Without spoiling anything, Ma and Jack do end up escaping, and the challenges they face returning (and first entering) the real, outside world provide some of the most intense, riveting, and elegant scenes in a film I have seen in quite some time.
The film moves at a pace that allows the audience to experience Ma and Jack's struggles as if they were close friends. They become people we truly feel and care about, people we root for. We hope they will experience all of the gifts life has to offer without continually being cast away from the real world.

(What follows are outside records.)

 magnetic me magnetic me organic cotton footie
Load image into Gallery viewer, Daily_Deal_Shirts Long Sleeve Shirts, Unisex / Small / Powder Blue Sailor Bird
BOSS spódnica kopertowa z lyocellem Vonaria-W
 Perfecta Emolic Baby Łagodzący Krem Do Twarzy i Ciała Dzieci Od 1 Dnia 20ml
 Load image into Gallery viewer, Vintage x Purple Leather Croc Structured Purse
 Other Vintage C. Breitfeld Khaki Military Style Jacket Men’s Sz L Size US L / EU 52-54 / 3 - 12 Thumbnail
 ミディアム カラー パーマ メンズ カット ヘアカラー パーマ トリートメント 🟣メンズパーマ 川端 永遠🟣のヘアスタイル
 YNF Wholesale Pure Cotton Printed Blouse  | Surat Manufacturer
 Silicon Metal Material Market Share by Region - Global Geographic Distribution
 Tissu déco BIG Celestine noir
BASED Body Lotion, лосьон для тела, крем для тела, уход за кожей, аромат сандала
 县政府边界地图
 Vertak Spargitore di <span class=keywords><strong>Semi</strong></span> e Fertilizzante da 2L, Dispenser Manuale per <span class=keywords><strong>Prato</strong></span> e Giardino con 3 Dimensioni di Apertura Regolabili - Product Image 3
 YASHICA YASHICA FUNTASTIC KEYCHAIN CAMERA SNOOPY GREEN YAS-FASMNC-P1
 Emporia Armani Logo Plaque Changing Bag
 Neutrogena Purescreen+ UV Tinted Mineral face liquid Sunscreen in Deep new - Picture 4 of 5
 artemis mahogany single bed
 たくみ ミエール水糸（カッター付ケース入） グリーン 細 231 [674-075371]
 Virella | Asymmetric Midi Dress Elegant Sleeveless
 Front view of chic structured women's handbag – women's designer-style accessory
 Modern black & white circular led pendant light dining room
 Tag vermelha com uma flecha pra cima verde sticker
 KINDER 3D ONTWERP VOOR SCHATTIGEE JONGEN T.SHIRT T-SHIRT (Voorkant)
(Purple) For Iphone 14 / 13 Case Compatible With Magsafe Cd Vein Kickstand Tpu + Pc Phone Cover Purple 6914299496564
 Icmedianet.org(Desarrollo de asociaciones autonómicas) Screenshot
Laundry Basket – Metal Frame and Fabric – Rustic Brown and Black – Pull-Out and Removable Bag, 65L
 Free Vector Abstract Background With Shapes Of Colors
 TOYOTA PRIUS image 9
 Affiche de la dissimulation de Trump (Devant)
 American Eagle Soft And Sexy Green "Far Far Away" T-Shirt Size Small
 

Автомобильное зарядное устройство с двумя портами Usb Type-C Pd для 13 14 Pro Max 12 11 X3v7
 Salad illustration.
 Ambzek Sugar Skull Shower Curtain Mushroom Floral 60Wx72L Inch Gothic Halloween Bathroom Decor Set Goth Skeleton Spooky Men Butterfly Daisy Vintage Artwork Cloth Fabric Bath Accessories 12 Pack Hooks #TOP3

In a year of extraordinary performances given by women, Brie Larson's is the absolute best. She is the next big thing (watch out, Jennifer Lawrence). You almost have to wonder if Jack is her real son. That is how realistic and brutally honest her performance is. I have seen her give terrific performances in the painfully underrated Showtime series "United States of Tara" and this summer's hit "Trainwreck," but nothing she has done previously even comes close to her work in "Room." I am in awe of her. My only question is this: when will we see her next? I consider her a shoo-in to win the Best Actress Oscar this year.
Let's also give it up to Jacob Tremblay, a truly gifted young actor. There is a moment in the film where Jack sees the sky for the first time. The look on Tremblay's face is so powerful, it brought tears to my eyes. This kid has what it takes to deliver a solid, convincing performance. Expect great things from him in the future.
"Room" is not always the easiest film to watch, especially if you are a parent, which I am. It is so authentic and disturbing at times, yet it is so brilliant, you can't take your eyes off of it. It is one of the year's absolute best films, certainly in my top five as of 12/25/2015. Watch out for it at the Oscars.